This article originally appeared on MIT News.
John Leonard’s group in the MIT Department of Mechanical Engineering specializes in SLAM, or simultaneous localization and mapping, the technique whereby mobile autonomous robots map their environments and determine their locations.
Last week, at the Robotics Science and Systems conference, members of Leonard’s group presented a new paper (PDF) demonstrating how SLAM can be used to improve object-recognition systems, which will be a vital component of future robots that have to manipulate the objects around them in arbitrary ways.
The system uses SLAM information to augment existing object-recognition algorithms. Its performance should thus continue to improve as computer-vision researchers develop better recognition software, and roboticists develop better SLAM software.
“Considering object recognition as a black box, and considering SLAM as a black box, how do you integrate them in a nice manner?” asks Sudeep Pillai, a graduate student in computer science and engineering and first author on the new paper. “How do you incorporate probabilities from each viewpoint over time? That’s really what we wanted to achieve.”
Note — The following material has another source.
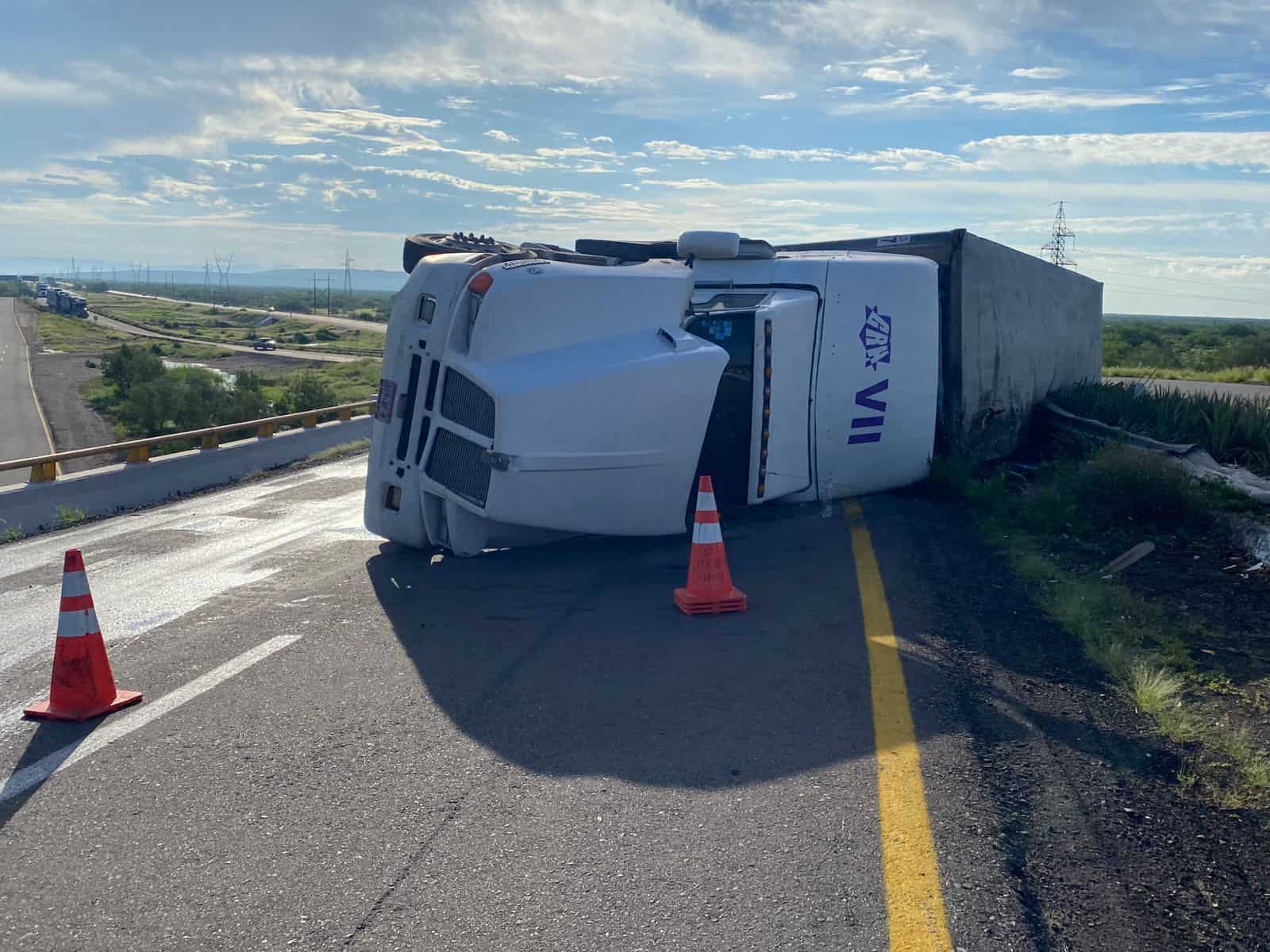 Vuelca tráiler en Libramiento de Guaymas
Despite working with existing SLAM and object-recognition algorithms, however, and despite using only the output of an ordinary video camera, the system’s performance is already comparable to that of special-purpose robotic object-recognition systems that factor in depth measurements as well as visual information.
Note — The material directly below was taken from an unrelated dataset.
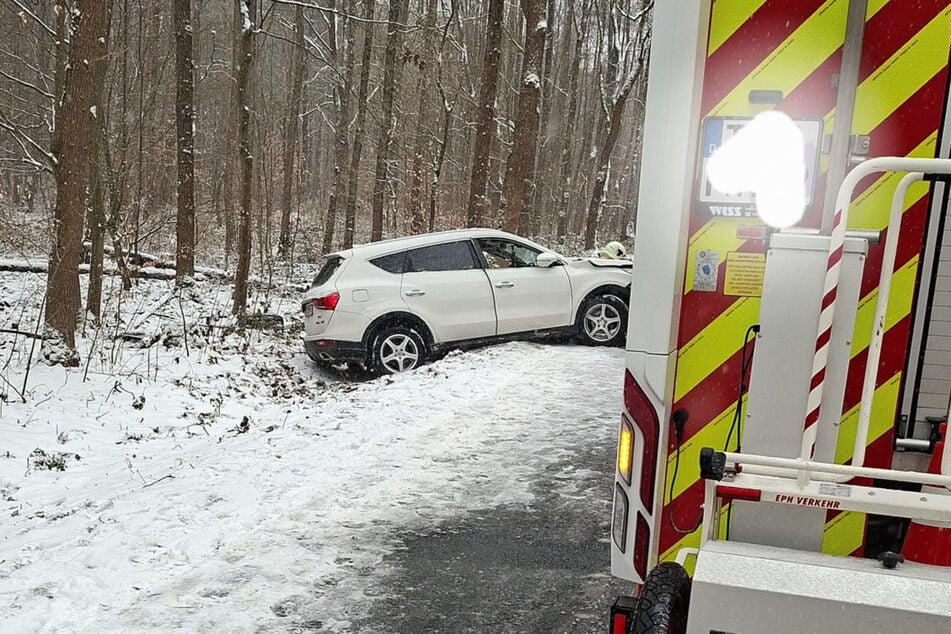 Das Auto landete zur Hälfte im Graben.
And of course, because the system can fuse information captured from different camera angles, it fares much better than object-recognition systems trying to identify objects in still images.
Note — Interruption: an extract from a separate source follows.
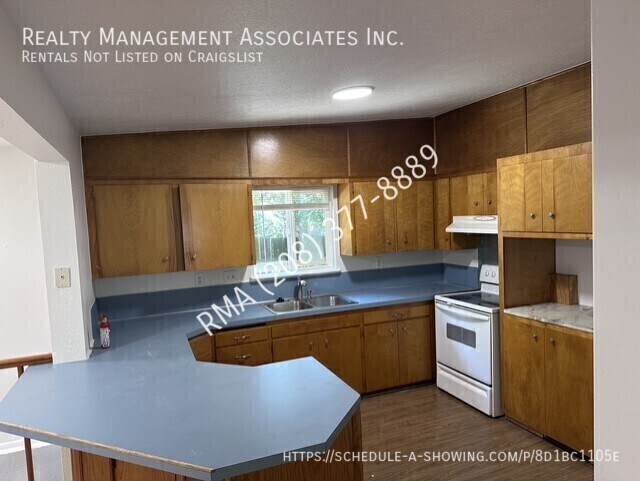 Building Photo - 2111 N 21st St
Before hazarding a guess about which objects an image contains, Pillai says, newer object-recognition systems first try to identify the boundaries between objects. On the basis of a preliminary analysis of color transitions, they’ll divide an image into rectangular regions that probably contain objects of some sort. Then they’ll run a recognition algorithm on just the pixels inside each rectangle.
To get a good result, a classical object-recognition system may have to redraw those rectangles thousands of times. From some perspectives, for instance, two objects standing next to each other might look like one, particularly if they’re similarly colored. The system would have to test the hypothesis that lumps them together, as well as hypotheses that treat them as separate.